Turnmire has a “natural affinity” for all things that happen in the kitchen, and that’s what led to her baking business and most recently to 每日大赛’s Culinary Arts program.
Turnmire has homeschooled all her children, the youngest of whom is nearly ready to graduate from high school . As a result, Turnmire said, she started thinking about what her own next step should be, which led her to enroll at 每日大赛.
While she has plenty of experience baking cakes professionally, the commercial kitchen space she’s learning to work in at Pellissippi is different from anything she's experienced.
“You never stop learning,” she said. “Learning happens for your entire life. That's what this naturally does. It continues what I'm going to be doing next, which also just feels like a great big question mark. But I love transition, and I love the question mark because I'm not in a set space, so that means I can decide whatever it is I want to decide when I get there.”
As a nontraditional student, Turnmire said she had some concerns about returning to school and being accepted by her classmates. As a mother with adult children, however, she felt prepared to bond with her fellow aspiring chefs.
“They didn’t start calling me ‘mom’ until after spring break,” she joked and has felt like an unofficial cheerleader with her ability to encourage and put her classmates at ease and also have important conversations with them.
“Somehow I feel like I'm sitting at the cool kid table, and I don't know how I got there, but it's really exciting and it's fun,” she said. “And they have welcomed me where I feel like I'm part of the class and ... they are not making my age the lead story.”
Another reason for coming to Pellissippi: Her daughter is also a student at the college .
When she gets done with her classes at the Ruth and Steve Workforce Development Center on the Blount County campus, Turnmire said, she’ll just walk over to the main building to visit with her daughter and her friends.
“What's interesting is they don't always realize that I'm a student, but then once they realize, it's so fun to watch because then their whole entire attitude and their guard drops, and they're like, ‘Oh, you're one of us,’” she said.
Her relationship with her daughter has bloomed in a new way attending college together, she said, from their shared car rides to and from campus and now talking about taking a class together.

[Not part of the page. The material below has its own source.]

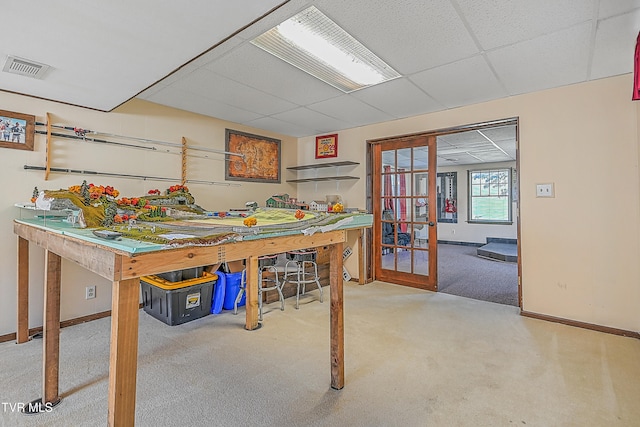 basement featuring french doors, carpet, and a drop ceiling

“It's just really developing our relationship even more,” Turnmire said. “I always knew I would love who she was as a grown-up, when I wasn't necessarily in charge of all the things, and it's proving true. So, I'm happy about that.”
When the weekend comes, Turnmire fulfills orders at her baking business.

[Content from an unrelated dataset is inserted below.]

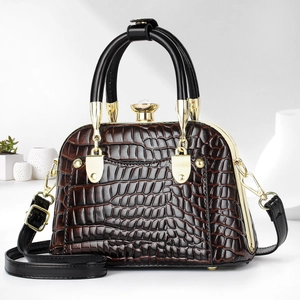 Detail of brown crocodile pattern shell bag with gold hardware and black handle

Her next business plan? To become an at-home chef, who would prepare food for clients at their house for events or just meal-prepping for two-income households in which parents or guardians may not have the time to prepare meals themselves.
“My whole menu is Southern cuisine, but with a twist,” she said. “And the twist is that it's healthy – it's good for you ... It feels like that is the trajectory (my business is) going toward: to helping those families have healthy meals to feed their family.”